272389 Increasing health workforce capacity by utilizing physician assistants in clinical areas that exhibit a high degree of PA autonomy

Wednesday, October 31, 2012 : 11:00 AM - 11:15 AM

Raymond Fang, MSC MASC , American Academy of Physician Assistants, Alexandria, VA
Joshua Umar , American Academy of Physician Assistants, Alexandria, VA
Ann Davis , American Academy of Physician Assistants, Alexandria, VA
Michael Powe , American Academy of Physician Assistants, Alexandria, VA
Objective: Physician Assistants (PAs) are health professionals licensed to practice medicine as members of physician-directed teams. PAs provide disease prevention services, diagnose, and treat illness, manage chronic medical conditions, and provide a broad range of health care services traditionally performed by physicians. In many instances, especially rural and underserved areas, PAs are the primary health care professionals in the community. This study examines PAs' practice autonomy by clinical setting. Its conclusions inform policies addressing physician shortages through using team-based approaches that optimize the utilization of all available providers.

Method: Clinical settings were examined with data from the American Academy of Physician Assistants 2010 PA Annual Census. Based on frequency of consultation with supervising physicians during patient visits, level of autonomy was grouped as high (≤20%), medium high (21%-50%), medium-low (51%-80%) and low (>80%). Complex survey analyses were performed to survey samples with post-stratified weights assigned according to demographic, professional and clinical characteristics to ensure good representation of the entire profession.

Results: The proportions of PAs with a high degree of autonomy are 86.2% (95% confidence interval (95%CI): 81.7%-90.6%) in health centers, 66.9% (95%CI: 64.7%-69.1%) in physician offices, 54.1% (49.0%-59.3%) in hospital outpatient care settings, 44.6% (39.7%-49.6%) in hospital emergency rooms; and 25.6% (21.9%-29.2%) in hospital inpatient care settings. Higher proportion of PAs with high autonomy was seen in rural areas than metro centers (71.4% (95% confidence interval (CI): 68.0%-74.7%) versus 57.1% (95%CI: 55.6%-58.7%)). Other factors that influence the level of PA autonomy are specialty, region, and years as a PA and in current specialty.

Conclusions: Evidence is mounting that the U.S. is facing a growing shortage of physicians. Population growth and the increasing prevalence of chronic illness from aging, unhealthy behaviors, and disparities in health care are expected to have an unprecedented impact on provider demand. Thus, changes that reconfigure the way the providers are teamed, services are delivered, and physicians' time is utilized are necessary. This study is the first nation-wide look at the level of autonomy in health care delivery for PAs. Its findings suggest PAs' roles in high-autonomy areas should be further strengthened. We must design optimal medical teams and remove existing barriers to optimal utilization to address physician shortages and increase the availability of cost-effective medical services.

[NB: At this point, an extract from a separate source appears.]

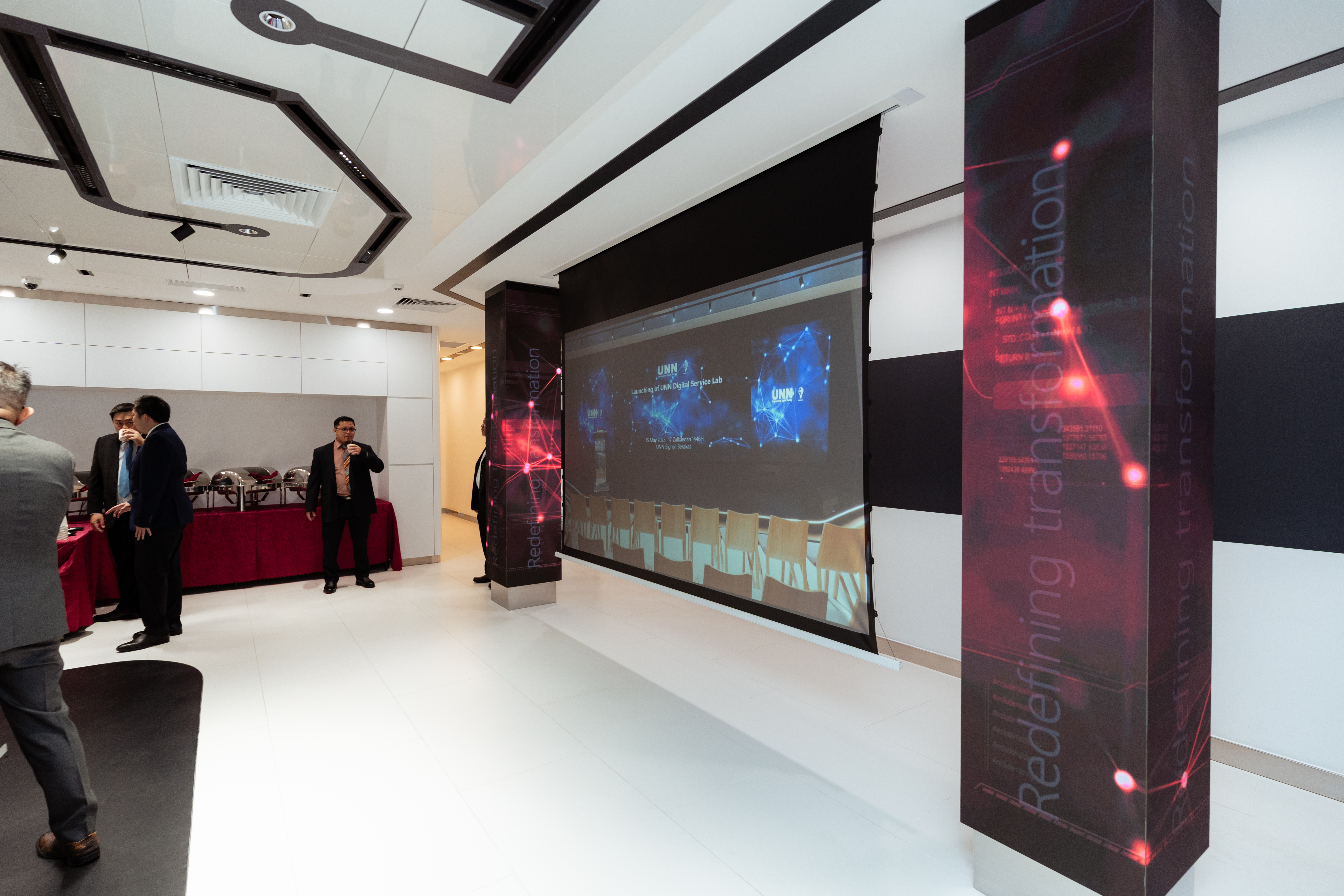 UNN Digital Service Lab houses cutting-edge innovative and modular features that allows flexibility of shaping the spaces to suit specific needs 02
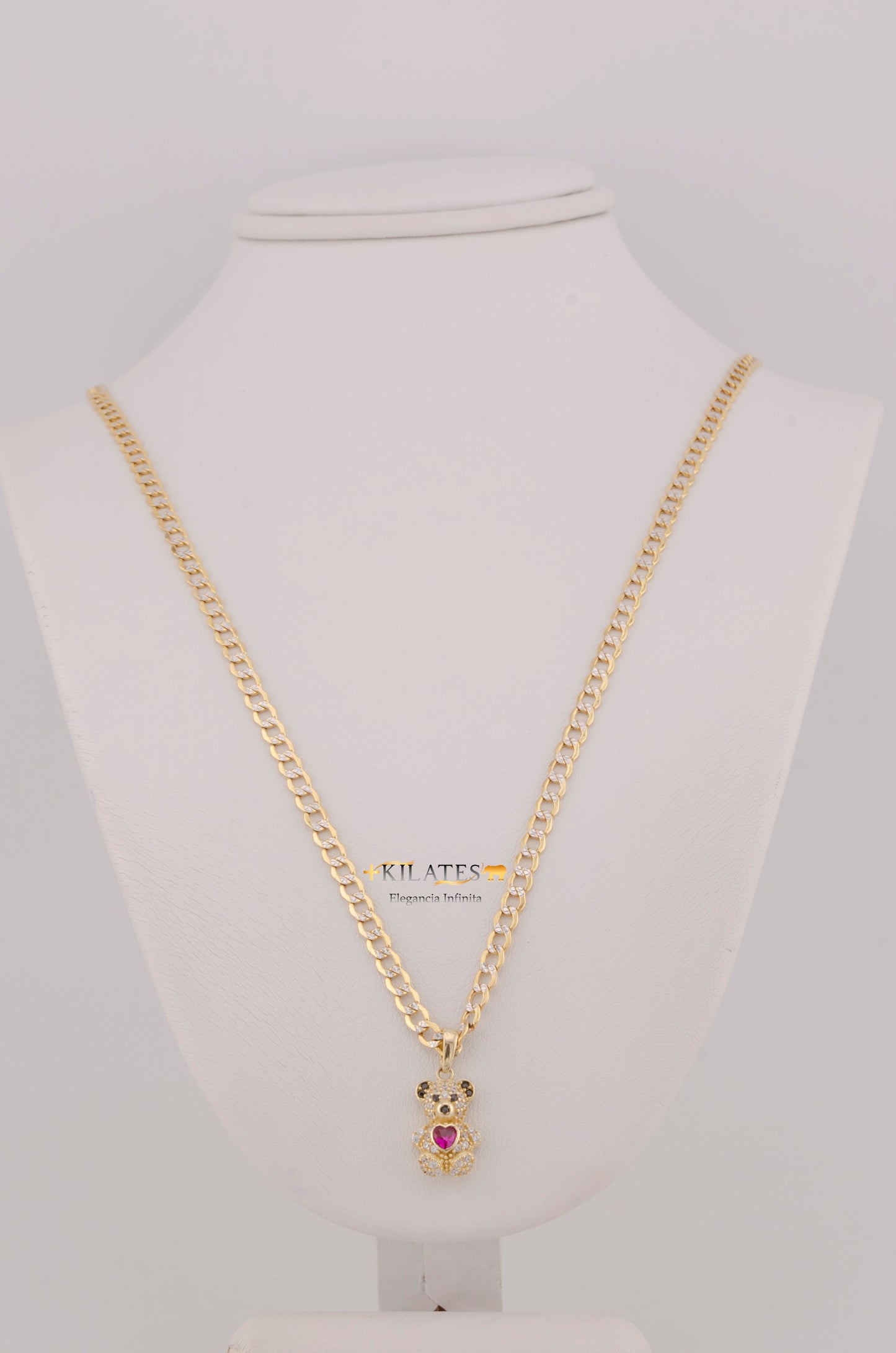"CADENA DE 50CM PARA DAMA ESTILO CUBANA DIAMANTADA CON DIJE DE OSO PEQUEÑO. ORO 10K #775-3825"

During the implementation of health care reform, changes that reconfigure the way the providers are teamed and services are delivered will be necessary.

Learning Areas:
Chronic disease management and prevention
Other professions or practice related to public health
Provision of health care to the public
Public health or related research

Learning Objectives:
Identify clinical locations where physician assistants can function as primary or important health services providers especially in health centers where many vulnerable and underserved Americans usually receive care

Keywords: Workforce, Health Care Delivery

Presenting author's disclosure statement:

Qualified on the content I am responsible for because: I am the Vice President for Research and senior scientist at American Academy of Physician Assistants with 20 years of health care research experience. I have presented dozens of studies at conferences such APHA, AcademyHealth, AAMC, Society for Epidemiological Research and etc. and published dozens of articles at peer-reviewed journals including Lancet. My publications are mainly around public health, social determinants of health, health disparities, workforce, cancer epidemiology.
Any relevant financial relationships? No

I agree to comply with the American Public Health Association Conflict of Interest and Commercial Support Guidelines, and to disclose to the participants any off-label or experimental uses of a commercial product or service discussed in my presentation.